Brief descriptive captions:
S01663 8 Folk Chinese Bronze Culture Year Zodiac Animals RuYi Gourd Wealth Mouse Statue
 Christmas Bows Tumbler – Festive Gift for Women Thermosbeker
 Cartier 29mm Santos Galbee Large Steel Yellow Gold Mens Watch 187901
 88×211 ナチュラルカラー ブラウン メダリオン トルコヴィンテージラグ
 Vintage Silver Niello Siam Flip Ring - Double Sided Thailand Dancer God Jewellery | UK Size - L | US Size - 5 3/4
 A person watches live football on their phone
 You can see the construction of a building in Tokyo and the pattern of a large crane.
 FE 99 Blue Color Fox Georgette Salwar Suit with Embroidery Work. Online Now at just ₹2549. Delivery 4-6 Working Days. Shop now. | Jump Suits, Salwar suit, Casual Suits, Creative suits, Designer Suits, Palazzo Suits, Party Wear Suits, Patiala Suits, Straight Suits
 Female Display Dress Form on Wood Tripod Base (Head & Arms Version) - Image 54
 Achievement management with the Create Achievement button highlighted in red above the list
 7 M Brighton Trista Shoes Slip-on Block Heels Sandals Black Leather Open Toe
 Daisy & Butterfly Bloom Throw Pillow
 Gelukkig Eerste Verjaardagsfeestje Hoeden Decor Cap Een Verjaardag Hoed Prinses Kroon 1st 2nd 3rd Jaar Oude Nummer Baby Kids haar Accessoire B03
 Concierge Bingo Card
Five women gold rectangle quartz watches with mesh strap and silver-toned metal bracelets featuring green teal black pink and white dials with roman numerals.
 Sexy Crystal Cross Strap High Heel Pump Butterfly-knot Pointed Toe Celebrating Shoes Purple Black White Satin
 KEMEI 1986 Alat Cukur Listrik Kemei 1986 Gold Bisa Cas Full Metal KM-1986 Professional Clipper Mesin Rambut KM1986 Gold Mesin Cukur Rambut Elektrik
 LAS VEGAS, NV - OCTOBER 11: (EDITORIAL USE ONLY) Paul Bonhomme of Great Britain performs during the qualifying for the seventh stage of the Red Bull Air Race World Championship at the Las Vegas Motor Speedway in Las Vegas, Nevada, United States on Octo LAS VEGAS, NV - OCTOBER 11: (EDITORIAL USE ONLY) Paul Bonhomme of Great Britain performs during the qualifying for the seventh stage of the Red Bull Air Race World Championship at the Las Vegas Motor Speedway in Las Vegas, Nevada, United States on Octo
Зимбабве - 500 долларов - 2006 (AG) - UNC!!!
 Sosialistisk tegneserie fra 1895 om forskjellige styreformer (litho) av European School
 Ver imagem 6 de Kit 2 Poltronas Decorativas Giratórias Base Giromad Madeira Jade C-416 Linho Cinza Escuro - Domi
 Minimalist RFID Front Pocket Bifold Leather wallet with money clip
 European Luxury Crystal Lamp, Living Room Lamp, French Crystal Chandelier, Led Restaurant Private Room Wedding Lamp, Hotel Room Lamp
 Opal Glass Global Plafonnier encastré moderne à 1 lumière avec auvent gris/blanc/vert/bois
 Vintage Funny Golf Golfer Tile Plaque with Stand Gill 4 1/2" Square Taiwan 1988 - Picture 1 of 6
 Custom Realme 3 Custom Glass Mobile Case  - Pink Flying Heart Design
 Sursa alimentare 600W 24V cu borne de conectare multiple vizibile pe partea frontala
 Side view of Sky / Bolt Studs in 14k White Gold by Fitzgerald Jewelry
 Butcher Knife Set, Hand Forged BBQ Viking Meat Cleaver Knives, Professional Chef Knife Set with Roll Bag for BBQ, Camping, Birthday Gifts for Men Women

INSTRUCTIONS TO FOLLOW:
Each line in the entries above, starting at the line with "Gelukkig Eerste Verjaardagsfeestje" and ending at the line with "Concierge Bingo Card", is to be printed exactly, and only those lines.

OUTPUT OF THE TASK:
 Gelukkig Eerste Verjaardagsfeestje Hoeden Decor Cap Een Verjaardag Hoed Prinses Kroon 1st 2nd 3rd Jaar Oude Nummer Baby Kids haar Accessoire B03
 Concierge Bingo Card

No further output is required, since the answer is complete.